Sunday, November 22, 2020

Endurance by Alfred Lansing

 Endurance by Alfred Lansing from 1959 is a compelling book on the twenty-eight man Imperial Trans-Antarctic Expedition, led by Sir Ernest Shackleton. Much of the material was from diaries written during the trip as well as interviews Lansing did with some of the men and it's great detail on an incredible story.

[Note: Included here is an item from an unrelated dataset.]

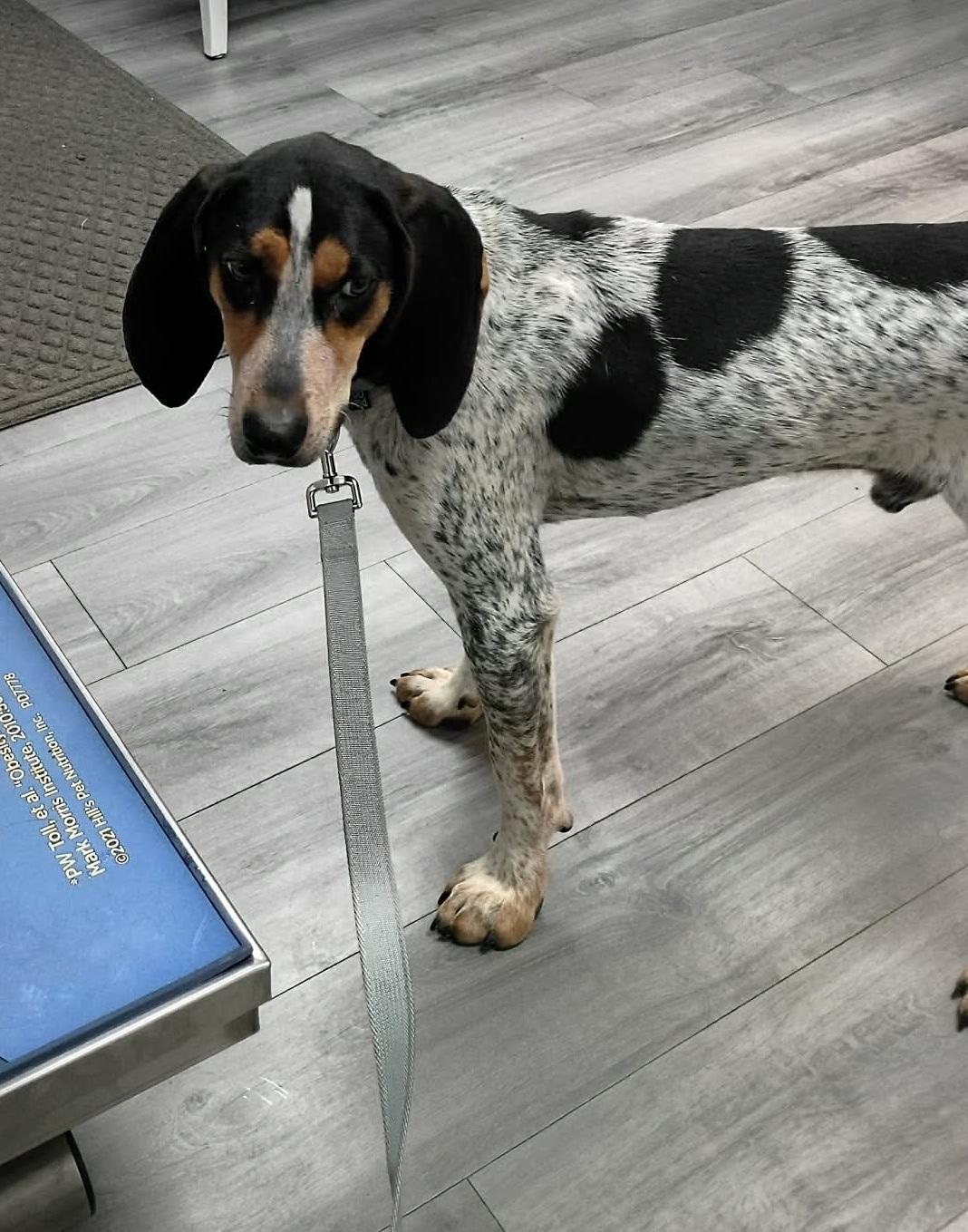 Radar, a ADOPTABLE Bluetick Coonhound in Lexington, MA image 5/5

The goal of the expedition was to cross the Antarctic continent from east to west and it set out for the Pole from South Georgia Island, east of the Falkland Islands off the coast of Argentina, on board the Endurance in December 1914. The ship roughly a month into the expedition was locked in by ice in the Weddell Sea just outside the Antarctic Circle. Shackleton hoped that the ship would eventually break free and the Endurance and its crew drifted with the ice floes frozen around it. However, the ice began to crush the ship and the men abandoned ship in October 1915.

The crew took what provisions they could from the ship along with three small boats and drifted on the ice until April 1916. The ice pack they were on then began to break apart and the crew was forced onto the three boats and after several perilous days at sea landed on Elephant Island in the northern tip of Antarctica. 

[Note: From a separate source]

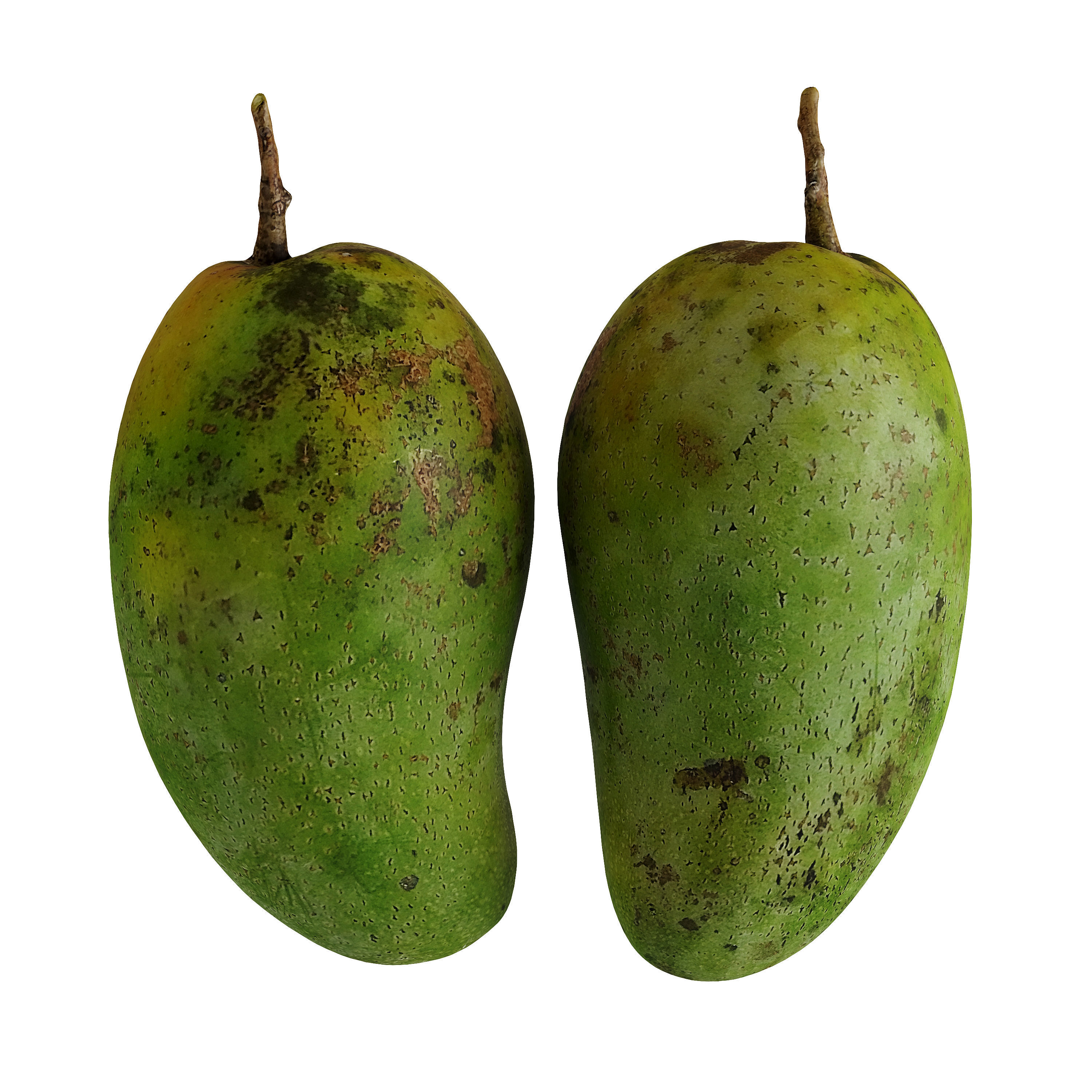 Mango - Mangifera indica  3D model_6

Shackleton and several of his crew launched from Elephant Island April 24, 1916 for the 850-mile voyage back to South Georgia Island seeking rescue. The journey was exceedingly dangerous, both getting to the island and then safely landing on it, and they arrived on May 10, 522 days after leaving South Georgia. They then had to make a treacherous crossing over the top of the island, with Shackleton and two others walking into Stromness Whaling Station on May 21, 1916. The men there were familiar with the expedition and presumed all hands had been lost at sea, with it compelling reading in the book of Shackleton and his men walking from the center of South Georgia Island into the whaling encampment. The journey overland on South Georgia was the first recorded to have been done and Lansing notes that there wasn't another crossing of the island until almost 40 years later, and this done by expert climbers in proper gear.

Shackleton worked to secure a boat to return to Elephant Island to rescue the remaining crew and after several aborted attempts, picked them up on August 30, 1916. The book provides a great record of a remarkable battle to survive, with Shackleton and his men going from one almost impossible situation to another.